A decade ago, the executive education program at the University of Pennsylvania’s Wharton School consisted primarily of open-enrollment classes that brought together groups of executives from diverse companies and fields for class lectures and projects. The executive education field has changed a good deal since then, and Wharton has been especially keen on adapting. With companies demanding programs designed just for their own employees, the university quickly shifted emphasis. Today, nearly 60 percent of the 8,000 to 10,000 executives who attend each year take part in custom programs.

    As interest in custom programs escalates, so does the competition among institutions. "The bar for custom programs is rising," says John Spector, vice dean for executive education at Wharton. "I think that in the past, a custom program was just an open-enrollment program where all the participants came from one company. Now it is much more about a deep relationship between a corporation and an institution. There are dimensions that are more subtle and more complex than they were before."

    At Wharton, this means that professors who sign on for a custom program that will include a one-week course session often wind up with a commitment that lasts more than a year. It begins by working with the company to craft the custom program, which can mean spending about three months with a company’s executive team studying company operations and strategy. That helps shape the course content.

    The company then picks groups of promising managers, typically employees who are from 20 to 40 years old, and sends them to Wharton for a week or two of classes. That time is spent not just listening to lectures but also working on specific company issues or problems, with professors trying to help craft solutions.


"As customization becomes more and more necessary and expected, we have embraced the philosophy that the weeklong program is just the beginning of the process.
We will continue to be in front of
the participants and get them to continue to work on these issues
until it is complete."


    When the class is over, the professor typically must follow up, staying in touch with participants to answer questions and sometimes offering coaching. "As customization becomes more and more necessary and expected, we have embraced the philosophy that the weeklong program is just the beginning of the process," says Katie Wiesel, director of custom programs at Wharton. "We will insert the faculty and continue to be in front of the participants and get them to continue to work on these issues until it is complete.
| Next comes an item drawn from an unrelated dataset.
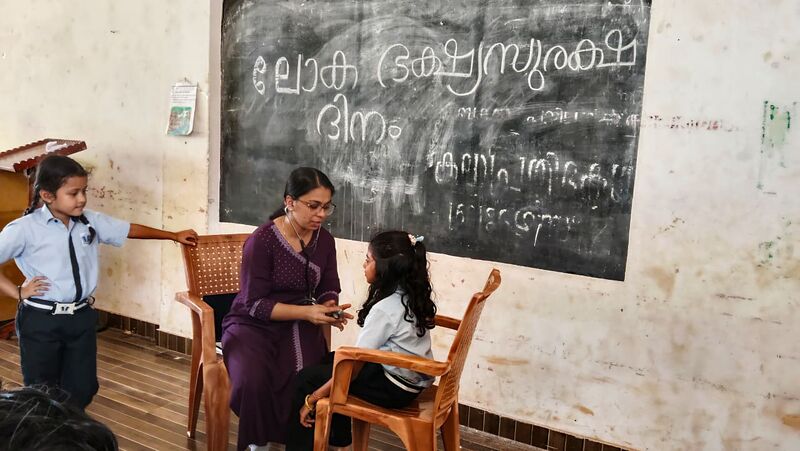 പ്രമാണം:12235-foodsafety.jpg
That can take a year or 18 months."

    The price depends on what the company wants to accomplish. Each custom program is individually negotiated.

    Wiesel says that designing a typical one-week custom program can cost from $25,000 to $100,000. Tuition tends to run about $30,000 per day for a group of 20 to 50 participants; for a five-day course, the tab can be $150,000. The more people a company sends, the lower the cost per person.
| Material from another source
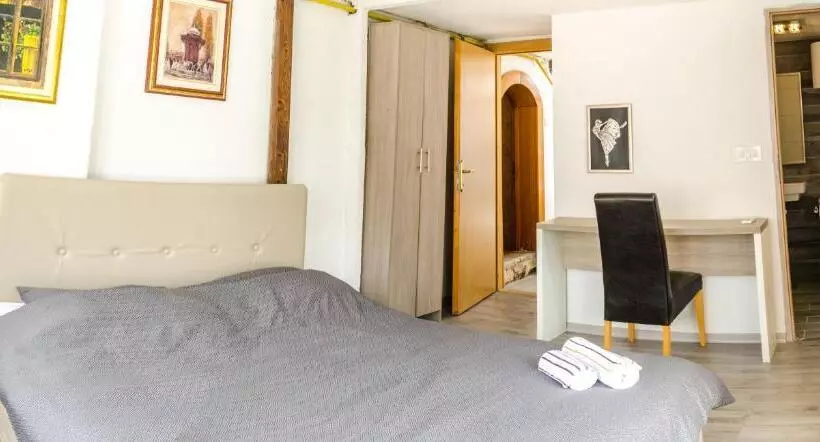 پانسیون Guesthouse Unique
    The grand total for a week: $175,000 to $250,000, plus room and board per person of about $1,750.

    By comparison, Wharton’s one-week, open-enrollment executive training courses in topics like leadership and strategy tend to run about $8,000 per person. Sending 20 people through open-enrollment courses would cost about $160,000.

    The trend is toward ever more customized education.

    "Custom is all the rage right now," Wiesel says. "I really do think it is only going to get more so. I think the desire for customization will get even more complex."